● Aim of the task
Here is the task for the listing below: output exactly the lines from the one containing "Louis Puskas Fenton" through the one containing "Tertangkap Usai Curi", and leave out the pictures.

● Data supplied
[Start of Attachment]

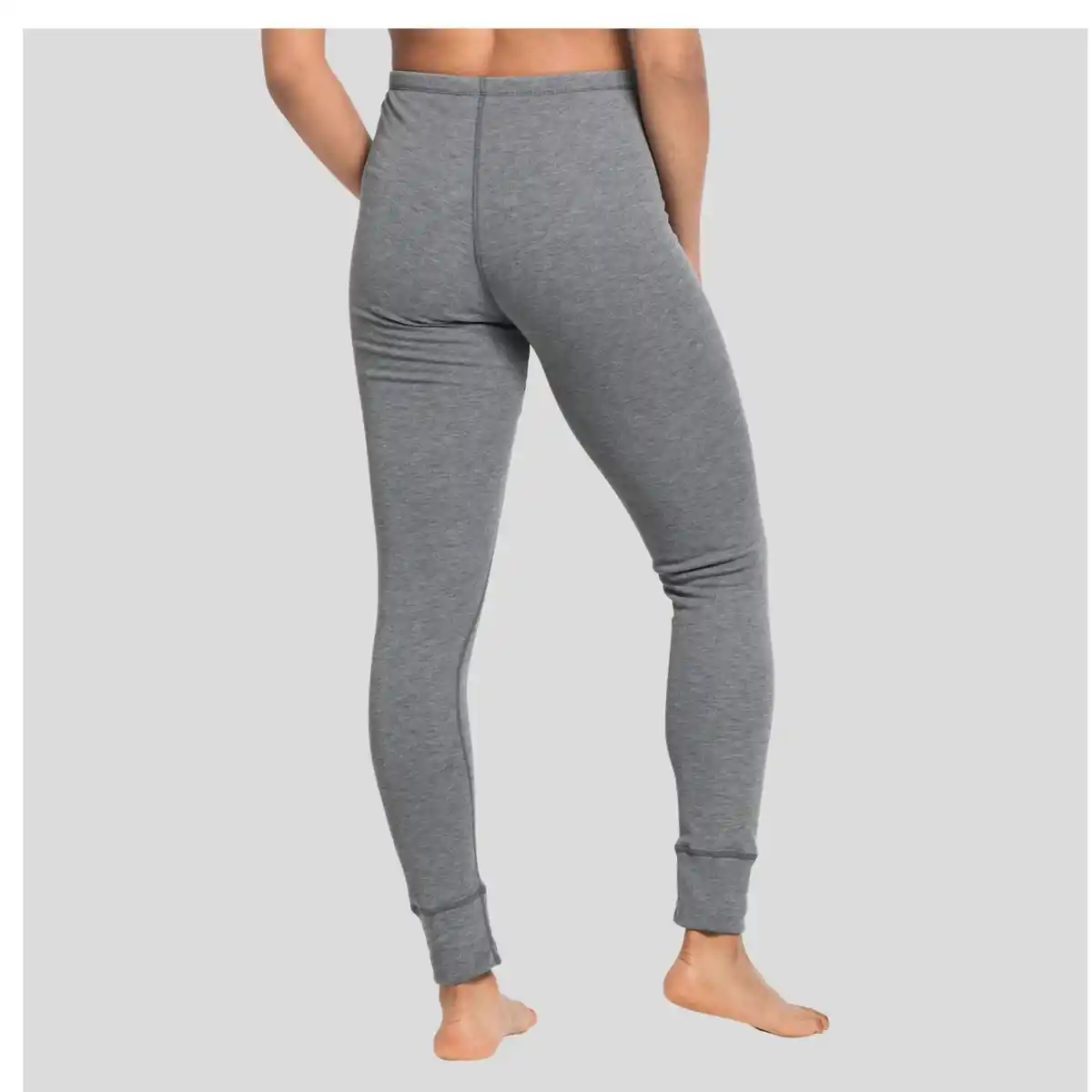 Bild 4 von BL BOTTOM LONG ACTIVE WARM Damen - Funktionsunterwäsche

[End of Attachment]
[Start of Attachment]

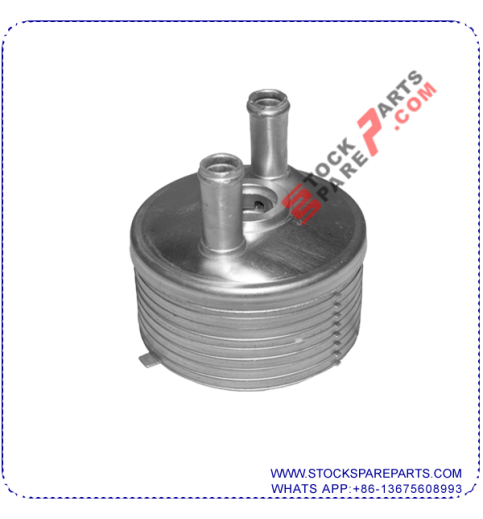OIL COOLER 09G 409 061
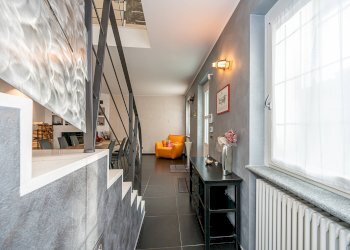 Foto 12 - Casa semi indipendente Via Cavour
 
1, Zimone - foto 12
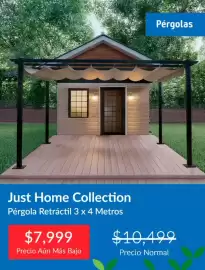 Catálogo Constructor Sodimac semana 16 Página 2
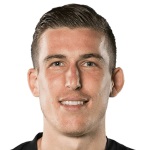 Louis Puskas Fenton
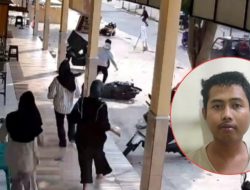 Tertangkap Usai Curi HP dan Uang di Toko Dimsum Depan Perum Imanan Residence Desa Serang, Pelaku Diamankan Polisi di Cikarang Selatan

[End of Attachment]

● Problem solution
 Louis Puskas Fenton
 Tertangkap Usai Curi HP dan Uang di Toko Dimsum Depan Perum Imanan Residence Desa Serang, Pelaku Diamankan Polisi di Cikarang Selatan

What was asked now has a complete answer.